**Description of the task**. A faithful transcription is wanted of the lines from the top of the material through the line that holds "SVG Golf spring/summer", both ends included, leaving out the pictures.

**Data listing**.
- Opening Delimiter -
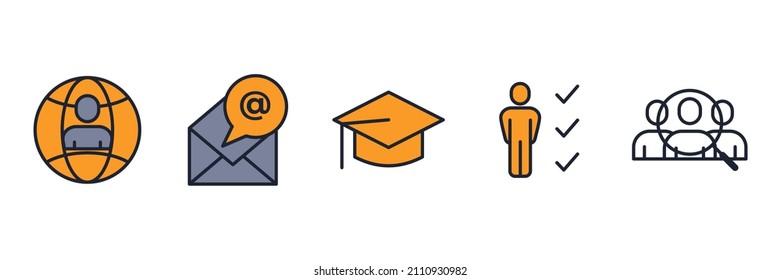 Headhunting And Recruiting elements set icon symbol template for graphic and web design collection logo vector illustration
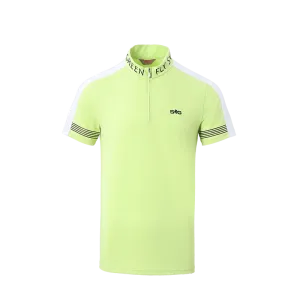 SVG Golf spring/summer men's yellow-and-green stitching short-sleeved T-shirt zipper collar jacket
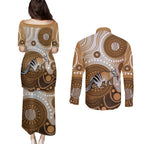 Numbat Australia Couples Matching Puletasi and Long Sleeve Button Shirt Myrmecobius Fasciatus Indigenous Art - Aussie Hoodie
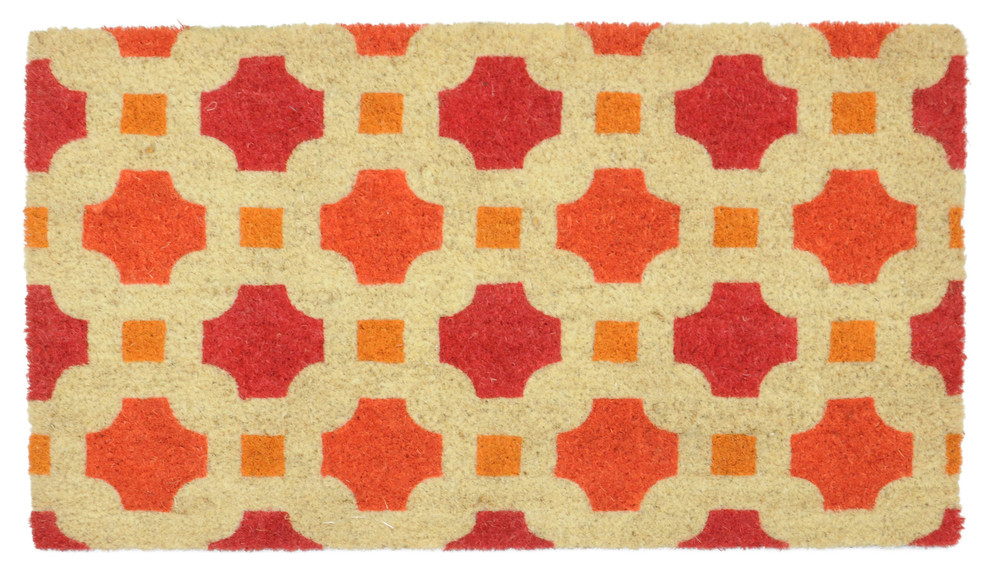 Kosas Catalina Coir Doormat, Red/Orange, 18"x30"
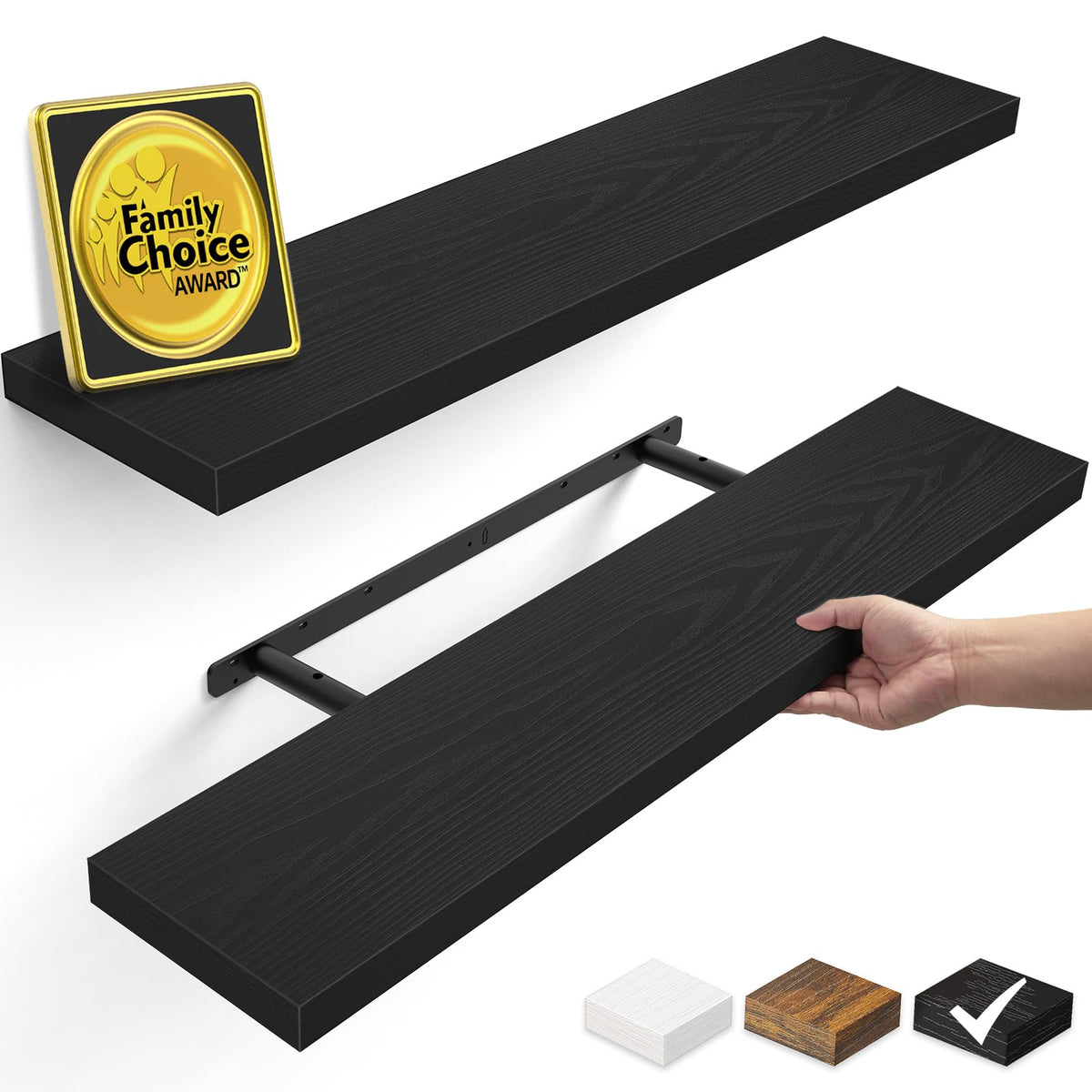 BAYKA Black Floating Shelves 15.7in, Set of 3, Wall Mount Rustic Wood Shelf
- Closing Delimiter -
**Solution to the exercise**.
 Headhunting And Recruiting elements set icon symbol template for graphic and web design collection logo vector illustration
 SVG Golf spring/summer men's yellow-and-green stitching short-sleeved T-shirt zipper collar jacket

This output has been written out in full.